**EXERCISE DETAILS**
Repeat exactly the line with "Tropical silk drawstring pants SS2-3" and each line after it to the end of the data below; pictures stay out.

**DATA BLOCK**
- Opening Delimiter -
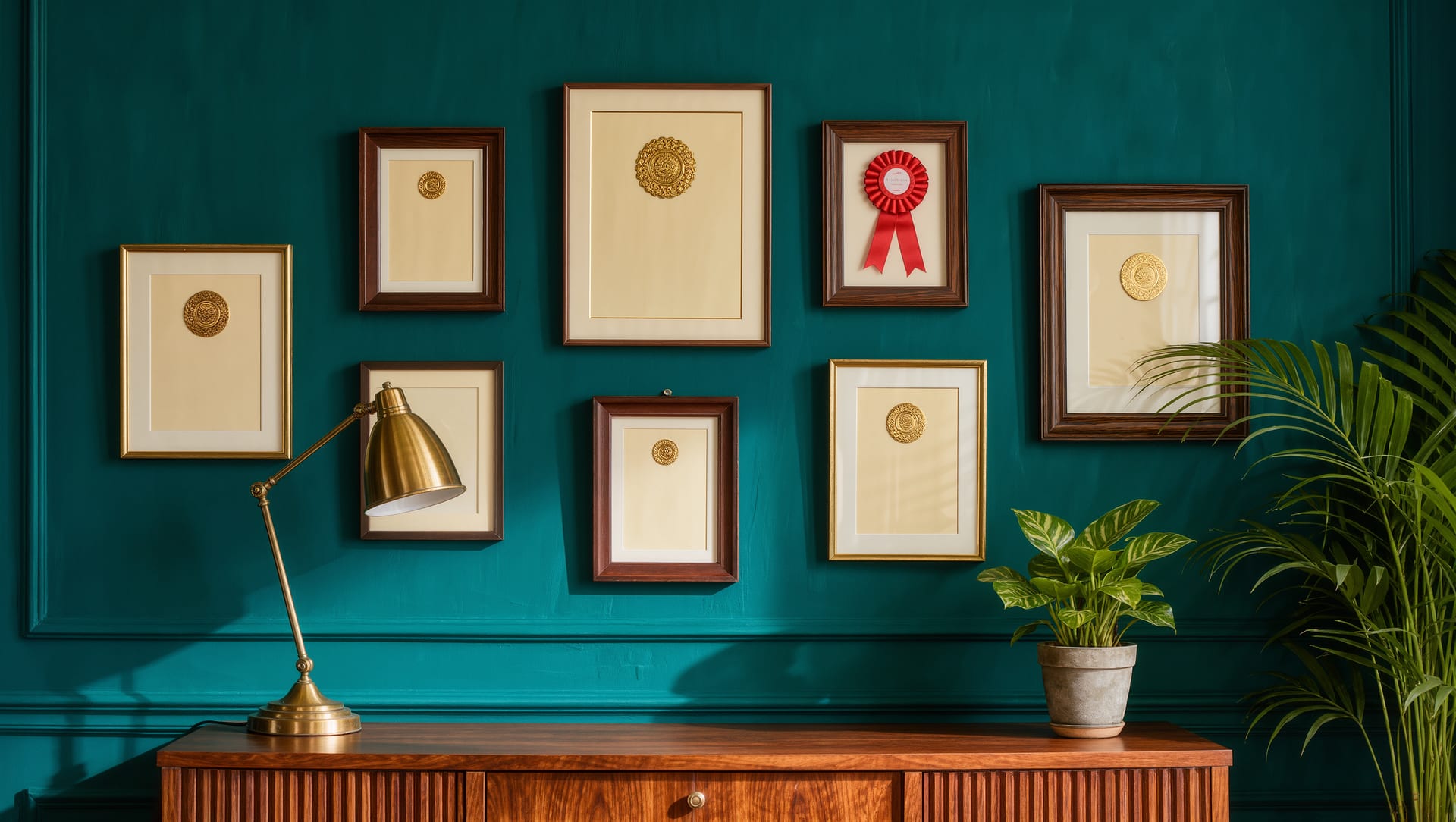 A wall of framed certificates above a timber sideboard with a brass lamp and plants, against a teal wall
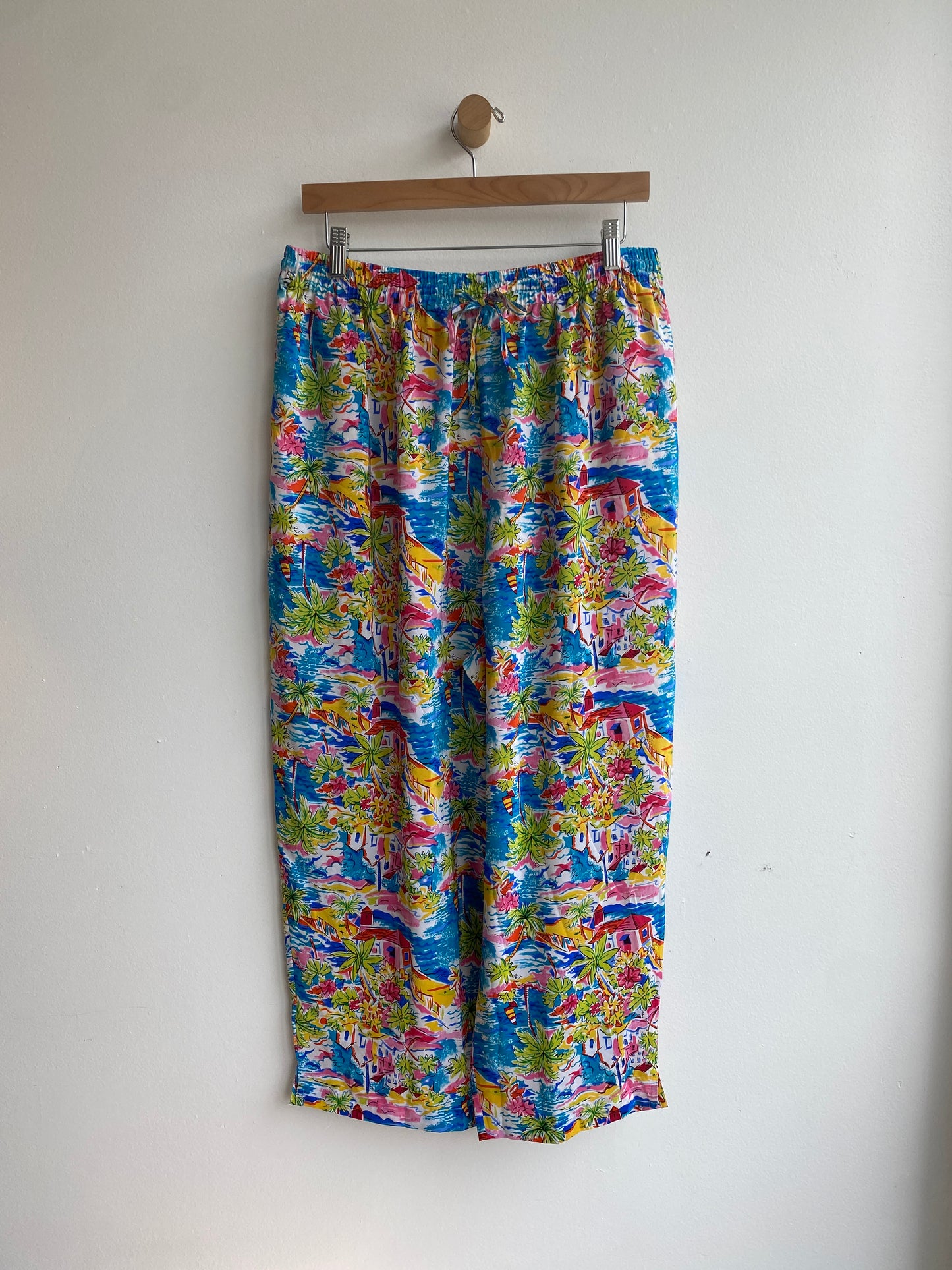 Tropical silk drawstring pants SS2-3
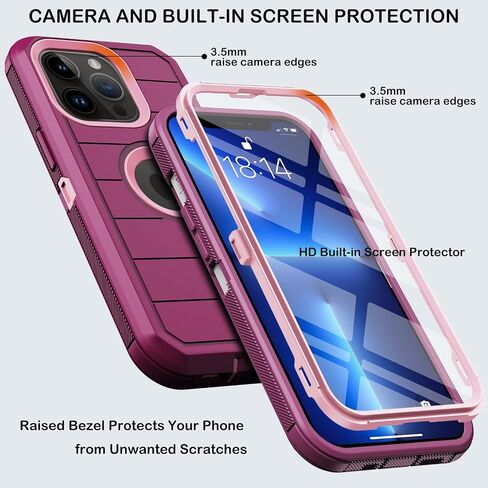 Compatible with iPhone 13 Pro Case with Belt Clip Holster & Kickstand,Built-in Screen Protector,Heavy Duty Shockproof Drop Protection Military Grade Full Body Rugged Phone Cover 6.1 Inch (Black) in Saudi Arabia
- Closing Delimiter -
**ANSWER SECTION**
 Tropical silk drawstring pants SS2-3
 Compatible with iPhone 13 Pro Case with Belt Clip Holster & Kickstand,Built-in Screen Protector,Heavy Duty Shockproof Drop Protection Military Grade Full Body Rugged Phone Cover 6.1 Inch (Black) in Saudi Arabia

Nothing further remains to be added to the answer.